Esta concepción es una manera poco factible de sostener. El hombre del siglo 20 ha estado inmerso en una costumbre añeja que lo hace interactuar con las tecnologías físicas —una cafetera de alta pressione diseñada por Enzo Mari o la genialidad de Peter Schreyer plasmada en el TT Roadster de Audi—, cuyas propiedades están perfectamente delimitadas por los materiales que se usan y las leyes físicas en las cuales están afincadas. Sin embargo, las tecnologías de la información son mera programación, código, lenguaje que es totalmente maleable, más aún que la materia empleada en la coraza Animal del traje de buzo de Stephen Peart. En un caso inmediato donde el correo electrónico resulte inseguro porque deriva en un modo fácil de ser interceptado, el hecho mismo no es un acto de permanencia; es posible alterar ese estado a partir de protocolos criptográficos que den una mayor seguridad y eficacia a la mensajería digital. He ahí el error, bastante común, de quienes pretenden cifrar su actividad artística en artimañas inherentes a filtros prediseñados. A partir de estas circunstancias, en los programas actuales de edición gráfica se consiguen tipologías globales de la cultura digital, sin que en ello prevalezca una consciencia sobre lo perecedero de esas características, que dejarán de existir al momento en que la arquitectura de la red cambie o cuando la transcripción del Photoshop emigre a una nueva versión.
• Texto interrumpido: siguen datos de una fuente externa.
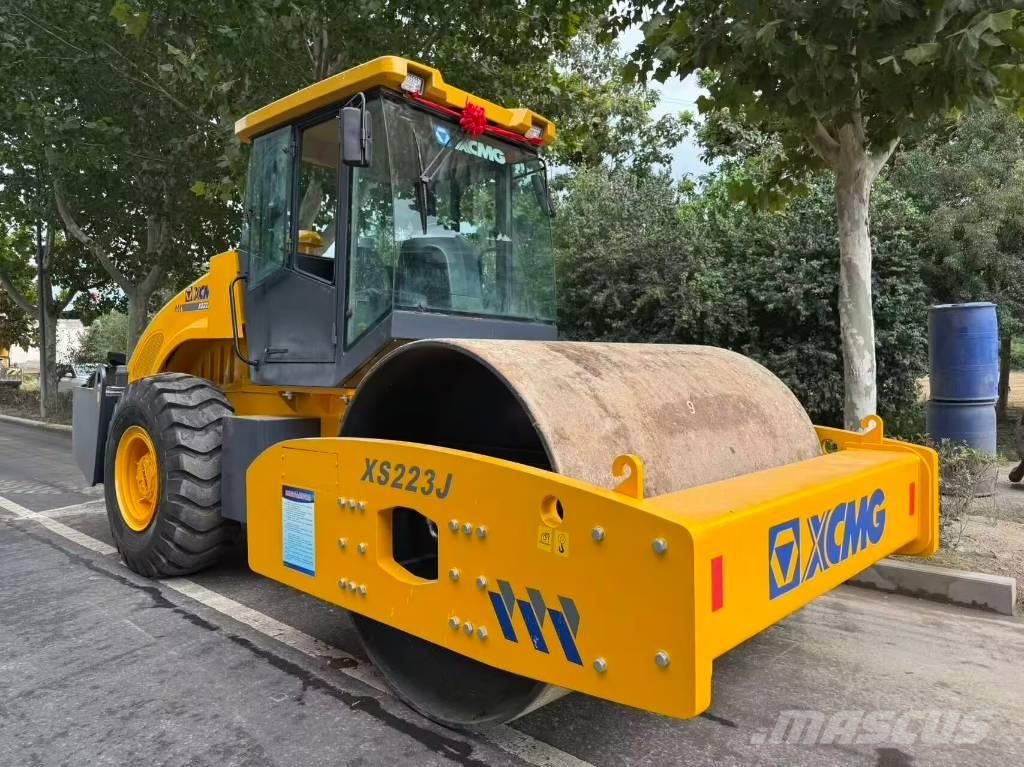 XCMG XS 223 J Ťahačové valce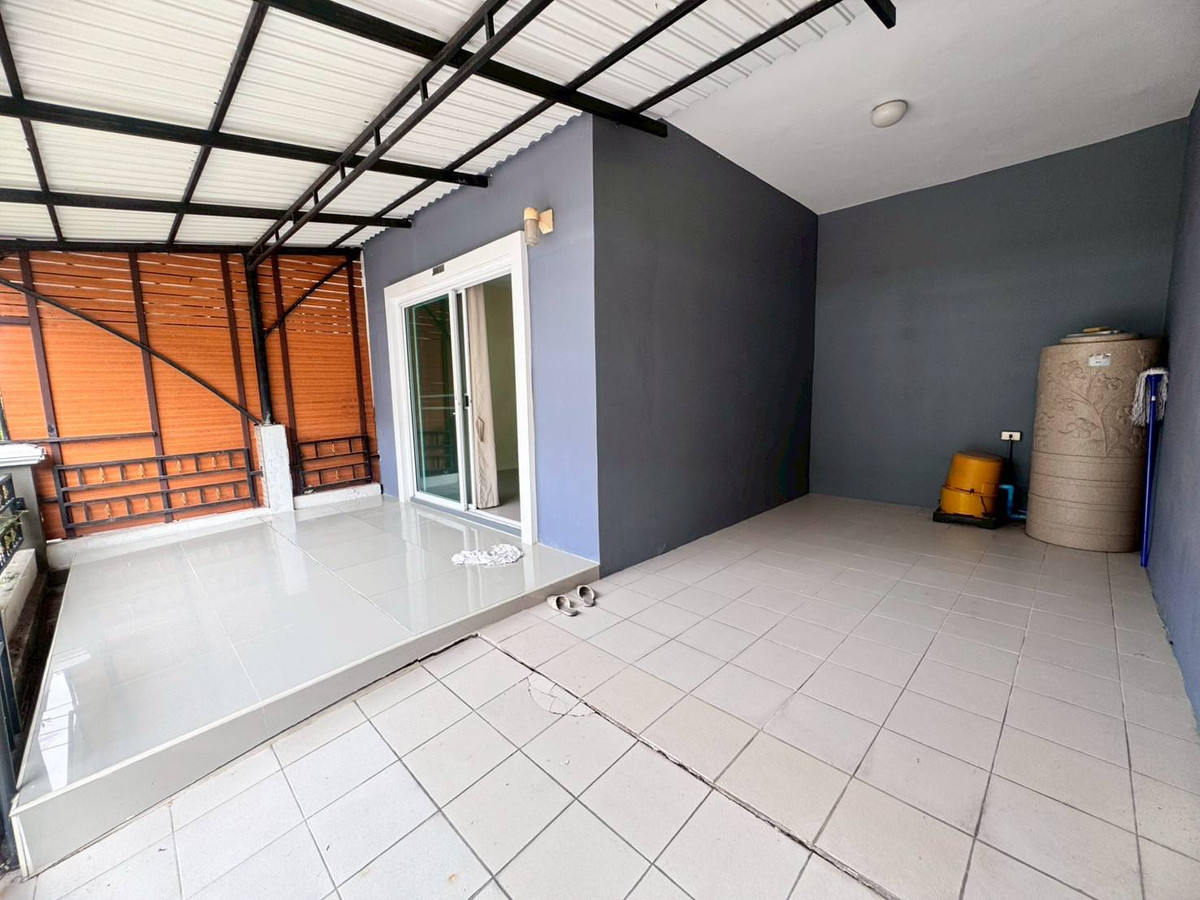 ขายทาวน์โฮมลาดกระบัง สุวรรณภูมิ : ขายทาวน์เฮ้าส์ รีโนเวทใหม่ หมู่บ้านสวนหลวงวิลล์ 6 (N.998)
Entre estos elementos que definen escuetamente el entorno digital —el multimedia, la interactividad, el hipertexto, el escapismo, la velocidad y la desterritorialización—, el centro de la cultura ha dejado de ser el autor, el artista, cediéndole este lugar de privilegio al receptor. Las obras intelectuales de la cultura digital ya no se cimientan en una concepción individual, solipsista; la dinámica de la colectividad organizada se ha suscitado como un proceder de la creación. El artista deja de ser el genio en el sentido estricto para transformarse en un productor. El artífice compone un instrumento que será complementado por el público que lo use, desarrolle y difunda según sus intereses, que no tienen porque coincidir ni estar inducidos por la voluntad original del creador primigenio.

Resulta cierto que esta revolución tiene implicaciones en concepciones clave de la cultura, como la credibilidad. El artista plástico M. C. Escher señaló, alguna vez, que se consideraba un médium, como si los personajes y temas se materializaran a través suyo y él sólo se confinara a operar de puente para su revelación. Aquello que en Escher era una mera metáfora para representar su oficio personal al generar arte, ahora se está trucando en realidad en la cultura contemporánea. La labor del artista en la web es textualmente la de un médium: brindar una estructura, una herramienta, un canal donde el espectador sea quien se pronuncie. Así, los proyectos culturales de creación colectiva consiguen poner al alcance de todo el mundo —y no sólo de los involucrados en la informática— los instrumentos que permitirán el desarrollo integral dentro de la sociedad de la información. Ante estos nuevos escenarios provistos por un contexto todavía inacabado, la cultura comienza a sobrellevar las permutaciones de una evolución a lo digital que, de igual forma, conlleva un empobrecimiento que parece impostergable.